Wraths and Vengeances of Hera
In her marriage, she was rightfully jealous and angered with her husband's infidelities. And because she was unable to punish him, she instead threw her wrath at Zeus' lovers. There are dozen of myths about Hera's persecution. She threw her wrath at semi-god Heracles, where she had turned his life upside down. Hera was pursuing Leto, mother of Apollo and Artemis, in order to prevent her from giving birth. She had sent couple of her minions to kill her. She was also responsible for destroying mortal princess Semele who was pregnant with Dionysus. Later Hermes helped Zeus to stitch Dionysus into his thigh. After his birth, Hera chased the god of pleasure constantly, forcing him to wander from place to place. She also found out about an affair of her servant Io and Zeus. When approached the couple, Zeus turned Io into cow to hide her. But, Hera was suspicious and demanded that Zeus give the cow to her as a gift. Then she put her away, under guard by one-hundred eyed Argos. She also stressed her wrath at Aiakos, the king of Aigina, and his whole country by poisoning country's water source.
Hera supported the Greeks during Trojan war, because she was angry at Paris for not picking her as "the fairest" of goddesses. According to Iliad, she even went to support the Greeks on the battlefield in her chariot alongside Athena. Hera motivated the Greeks by shouting so loud, as it were fitfy men shouting with all they have got. She even seduced Zeus and made love to him into exhaustion, in order to make him fall asleep. When asleep, the gods intervened the battlefield to support the Greeks, even though Zeus gave direct orders not to engage.
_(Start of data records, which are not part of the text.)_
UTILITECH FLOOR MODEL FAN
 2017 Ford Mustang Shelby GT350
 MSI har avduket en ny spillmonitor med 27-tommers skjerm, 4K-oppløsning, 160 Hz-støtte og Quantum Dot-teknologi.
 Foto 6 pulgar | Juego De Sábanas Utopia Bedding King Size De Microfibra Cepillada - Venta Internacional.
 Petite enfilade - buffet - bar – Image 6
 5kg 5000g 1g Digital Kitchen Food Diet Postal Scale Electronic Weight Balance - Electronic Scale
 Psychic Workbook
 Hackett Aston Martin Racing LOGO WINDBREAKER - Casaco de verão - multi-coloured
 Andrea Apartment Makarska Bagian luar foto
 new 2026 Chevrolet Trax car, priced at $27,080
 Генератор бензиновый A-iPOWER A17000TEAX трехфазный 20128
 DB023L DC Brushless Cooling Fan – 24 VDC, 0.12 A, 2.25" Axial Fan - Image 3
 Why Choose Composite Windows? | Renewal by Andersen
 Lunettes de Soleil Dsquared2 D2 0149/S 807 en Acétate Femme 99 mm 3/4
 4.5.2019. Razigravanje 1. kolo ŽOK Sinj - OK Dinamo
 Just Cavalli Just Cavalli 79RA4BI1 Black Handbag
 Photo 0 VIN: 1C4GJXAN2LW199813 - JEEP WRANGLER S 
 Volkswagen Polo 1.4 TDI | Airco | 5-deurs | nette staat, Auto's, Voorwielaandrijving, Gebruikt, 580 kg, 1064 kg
Hera was also heavily involved in the myth of Jason and the Golden Fleece, where she helped Jason, but only so far, until her plot against Pelias was successful. Then she abandoned him. In another myth, Hera was furious at Zeus for having birth to Athena on his own. Therefore she, without the help of Zeus, gave birth to Hephaestus. But unlike Athena who was beautiful and wise, Hephaestus turned out to be lame and deformed. He was not appreciated and was casted from Olympus. However, he later forced the gods to invite him back to Olympus when he had sent his mother a gift. It was a magical golden chair with invisible feathers. Surprised by the gift, Hera sat on the chair and triggered the trap. She was bound by the chair and no one, except Hephaestus, was able to release her. The gods were later, with the help of Dionysus, able to convince Hephaestus to let her go in exchange for him to return home and marry Aphrodite.